Charles Eisenstein, The Fix
Waking Times
Instead of a moral failing or physiological malfunction, is addiction an adaptive response to circumstances?
You’ve probably heard about those addiction studies with caged lab rats, in which the rats compulsively press the heroin dispensing lever again and again, even to the point of choosing it over food and starving themselves to death. These studies seemed to imply some pretty disheartening things about human nature. Our basic biology is not to be trusted; the seeking of pleasure leads to disaster; one must therefore overcome biological desires through reason, education, and the inculcation of morals; those whose willpower or morals are weak must be controlled and corrected.

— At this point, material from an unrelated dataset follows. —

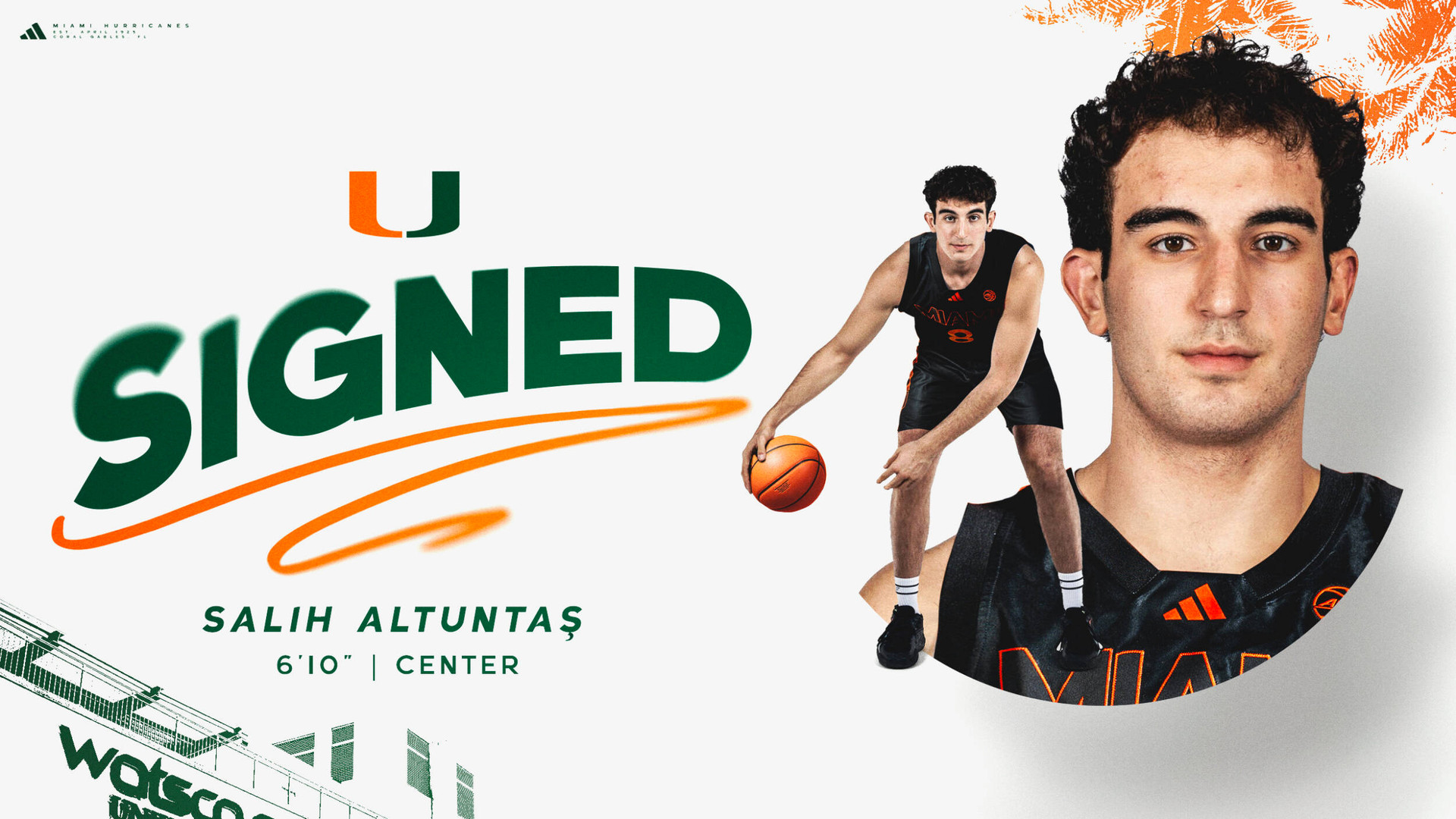 Salih Altuntas Signs with the Hurricanes Salih Altuntas Signs with the Hurricanes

The rat addiction studies also seem to validate the main features of the War on Drugs. First is interdiction: prevent the rats from getting a taste of drugs to begin with. Second is “education” – conditioning the rats into not pressing the lever in the first place. Third is punishment: make the consequences of taking drugs so scary and unpleasant that the rats will overcome their desire to press the lever. You see, some rats just have a stronger moral fiber than others. For those with a strong moral fiber, education suffices. The weak ones need to be deterred with punishments.
Alexander found that when you take rats out of tiny separate cages and put them in a spacious “rat park” with ample exercise, food, and social interaction, they no longer choose drugs; indeed, already-addicted rats will wean themselves off drugs after they are transferred from cages to the rat park.All of these features of the drug war are forms of control, and therefore sit comfortably within the broader narrative of technological civilization: the domination of nature, the rising above the primitive state, conquering animal desire with the mind and the base impulses with morality, and so forth. That is, perhaps, why Bruce Alexander’s devastating challenge to the caged rat experiments was ignored and suppressed for so many years. It wasn’t only the drug war that his studies called into question, but also deeper paradigms about human nature and our relationship to the world.

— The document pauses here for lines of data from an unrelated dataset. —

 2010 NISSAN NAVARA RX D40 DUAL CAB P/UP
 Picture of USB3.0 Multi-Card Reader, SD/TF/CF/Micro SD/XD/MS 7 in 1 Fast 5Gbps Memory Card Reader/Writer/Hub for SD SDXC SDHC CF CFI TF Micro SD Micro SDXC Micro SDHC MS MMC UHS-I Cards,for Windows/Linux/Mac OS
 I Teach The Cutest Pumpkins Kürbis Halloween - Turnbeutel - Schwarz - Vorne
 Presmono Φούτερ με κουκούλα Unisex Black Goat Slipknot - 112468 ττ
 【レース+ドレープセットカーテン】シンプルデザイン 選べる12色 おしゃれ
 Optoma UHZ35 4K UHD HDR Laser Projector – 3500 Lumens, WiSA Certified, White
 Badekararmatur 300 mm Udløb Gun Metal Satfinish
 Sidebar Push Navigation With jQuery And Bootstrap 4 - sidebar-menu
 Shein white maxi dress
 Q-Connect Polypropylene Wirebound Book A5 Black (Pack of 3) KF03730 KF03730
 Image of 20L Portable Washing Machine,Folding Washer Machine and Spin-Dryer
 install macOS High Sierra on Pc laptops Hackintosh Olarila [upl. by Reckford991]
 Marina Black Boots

The implication is that drug addiction is not a moral failing or physiological malfunction, but an adaptive response to circumstances. It would be the height of cruelty to put rats in cages and then, when they start using drugs, to punish them for it. That would be like suppressing the symptoms of a disease while maintaining the necessary conditions for the disease itself. Alexander’s studies, if not a contributing factor in the drug war’s slow unraveling, are certainly aligned with it in metaphor.
Are we like rats in cages? Are we putting human beings into intolerable conditions and then punishing them for their efforts to alleviate the anguish? If so, then the War on Drugs is based on false premises and can never succeed. And if we are like caged rats, then what is the nature of these cages, and what would a society look like that was a “rat park” for human beings?
Here are some ways to put a human being in a cage:
—Remove as much as possible all opportunities for meaningful self-expression and service. Instead, coerce people into dead-end labor just to pay the bills and service the debts. Seduce others into living off such labor of others.
—Cut people off from nature and from place. At most let nature be a spectacle or venue for recreation, but remove any real intimacy with the land. Source food and medicine from thousands of miles away.
—Move life – especially children’s lives – indoors. Let as many sounds as possible be manufactured sounds, and as many sights be virtual sights.
—Destroy community bonds by casting people into a society of strangers, in which you don’t rely on and needn’t even know by name the people living around you.
—Create constant survival anxiety by making survival depend on money, and then making money artificially scarce. Administer a money system in which there is always more debt than there is money.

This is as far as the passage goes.